--- Task directions ---
Because the images are not wanted, restate every line below word for word without them.

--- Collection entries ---
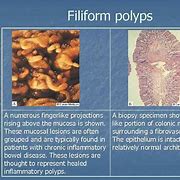 Image result for Filiform Polyp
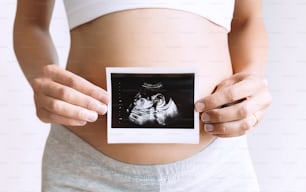 Pregnant woman holding ultrasound baby image. Close-up of pregnant belly and sonogram photo in hands of mother. Concept of pregnancy, gynecology, medical test, maternal health.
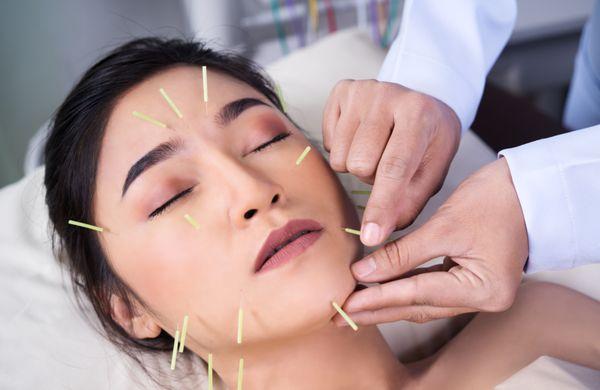 We offer Facial Rejuvenation/Cosmetic Acupuncture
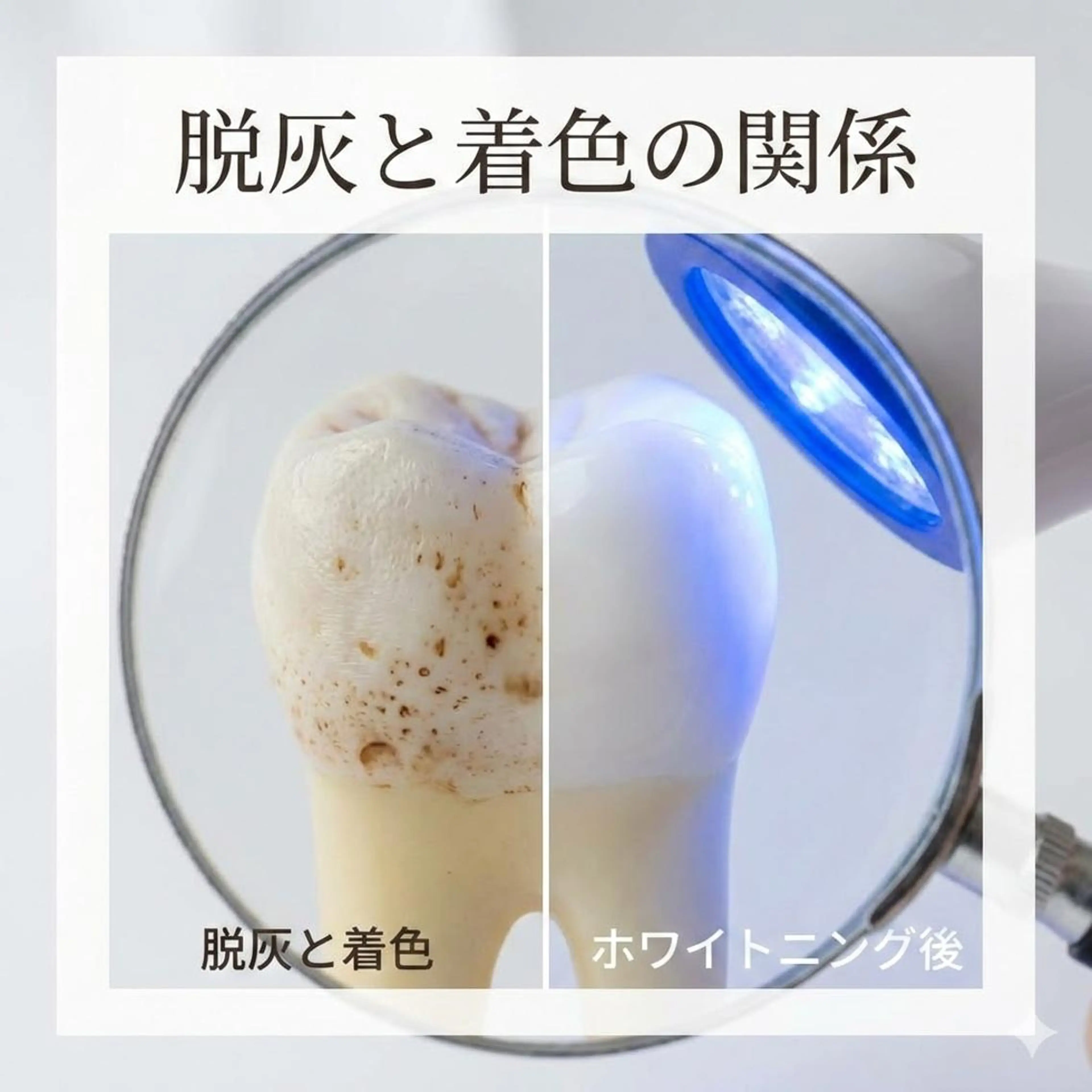 ショート パーマ ホワイトニングサロン nico西葛西店のその他イメージ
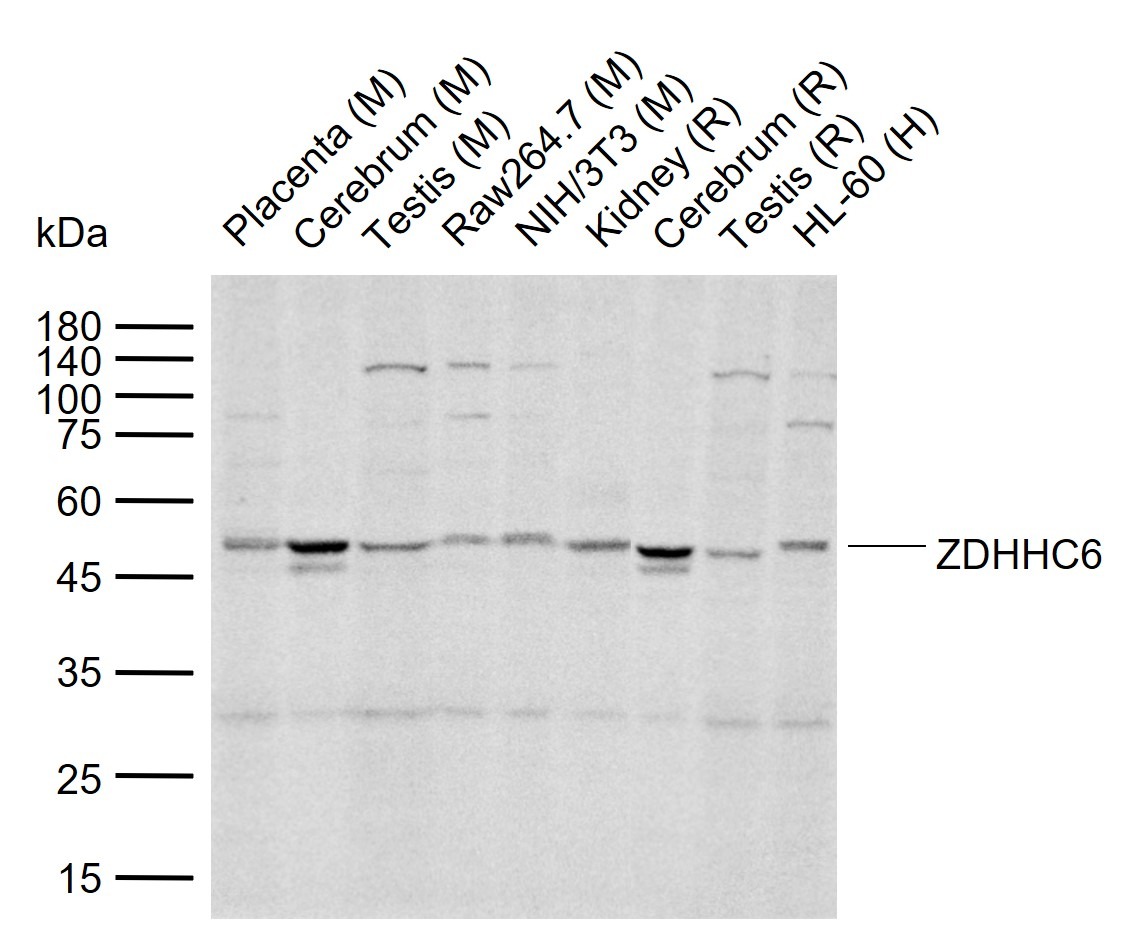 Anti-ZDHHC6 Polyclonal Antibody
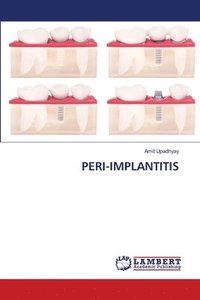 bokomslag Peri-Implantitis
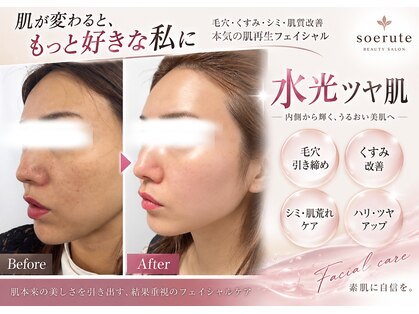 ソエルテ(soerute)の写真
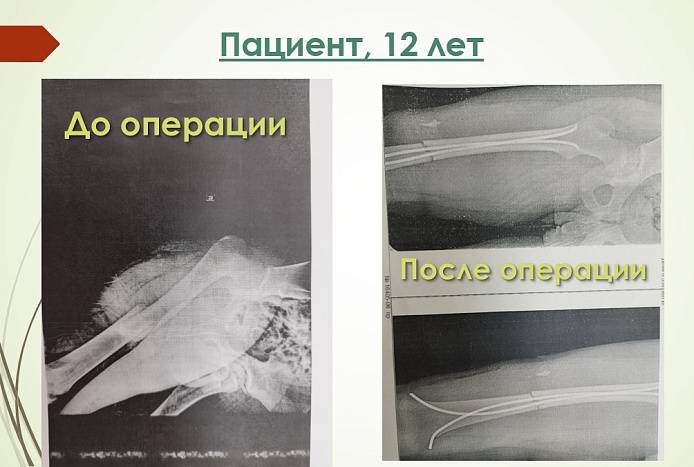 Кировские врачи напоминают о правилах безопасности при передвижении на велосипедах и самокатах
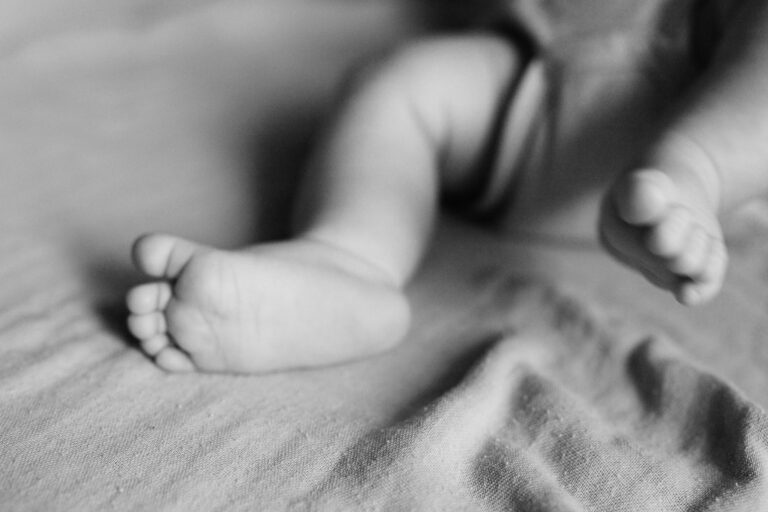 Synovial Sarcoma of the Parotid Gland in Infancy: A Rare Case Study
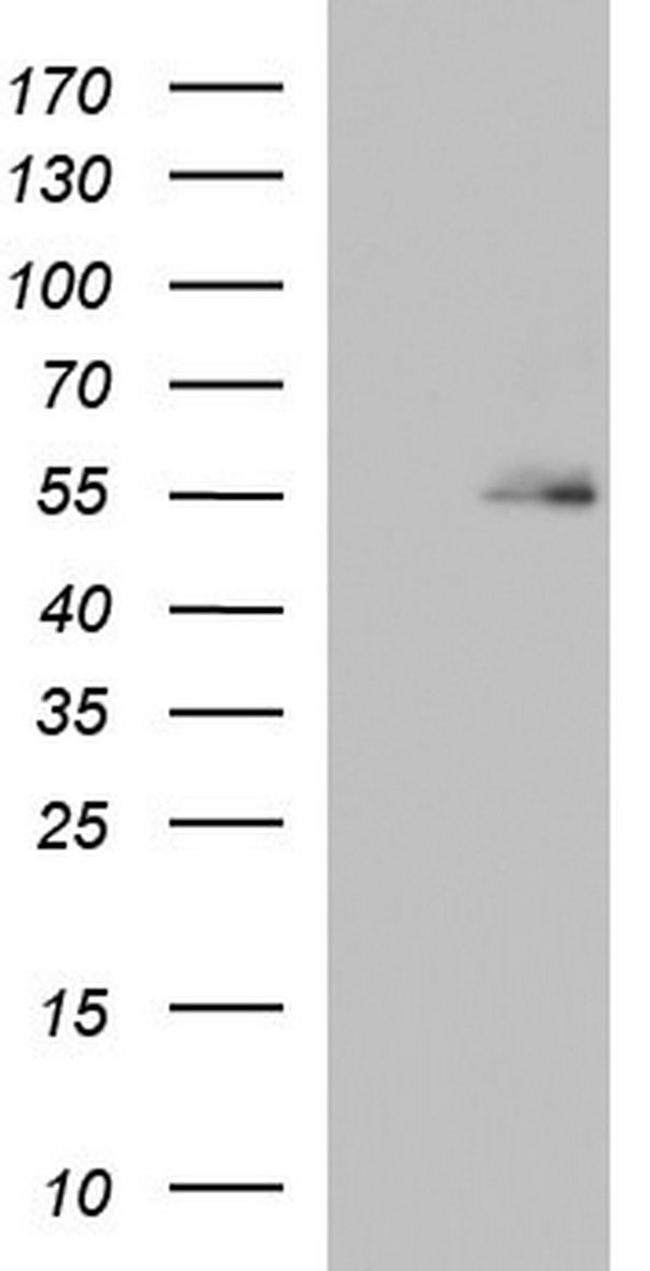 BBS4 Antibody in Western Blot (WB)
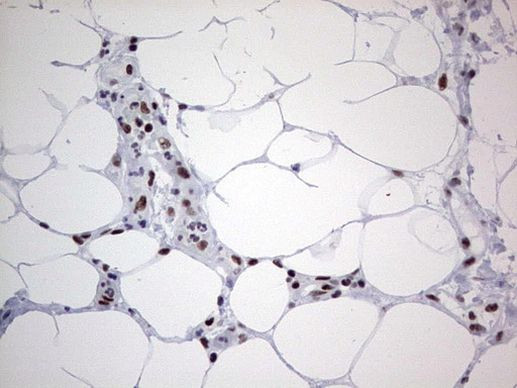 HDAC9 Antibody in Immunohistochemistry (Paraffin) (IHC (P))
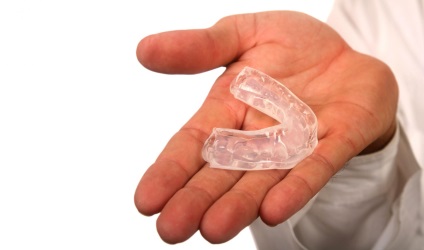 Kapa pentru dinti de nivelare - bretele transparente (invizibile) - pret in 32dent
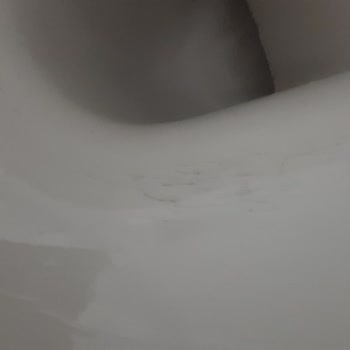 Vitra Klozet Kararması!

--- Answer ---
 Image result for Filiform Polyp
 Pregnant woman holding ultrasound baby image. Close-up of pregnant belly and sonogram photo in hands of mother. Concept of pregnancy, gynecology, medical test, maternal health.
 We offer Facial Rejuvenation/Cosmetic Acupuncture
 ショート パーマ ホワイトニングサロン nico西葛西店のその他イメージ
 Anti-ZDHHC6 Polyclonal Antibody
 bokomslag Peri-Implantitis
 ソエルテ(soerute)の写真
 Кировские врачи напоминают о правилах безопасности при передвижении на велосипедах и самокатах
 Synovial Sarcoma of the Parotid Gland in Infancy: A Rare Case Study
 BBS4 Antibody in Western Blot (WB)
 HDAC9 Antibody in Immunohistochemistry (Paraffin) (IHC (P))
 Kapa pentru dinti de nivelare - bretele transparente (invizibile) - pret in 32dent
 Vitra Klozet Kararması!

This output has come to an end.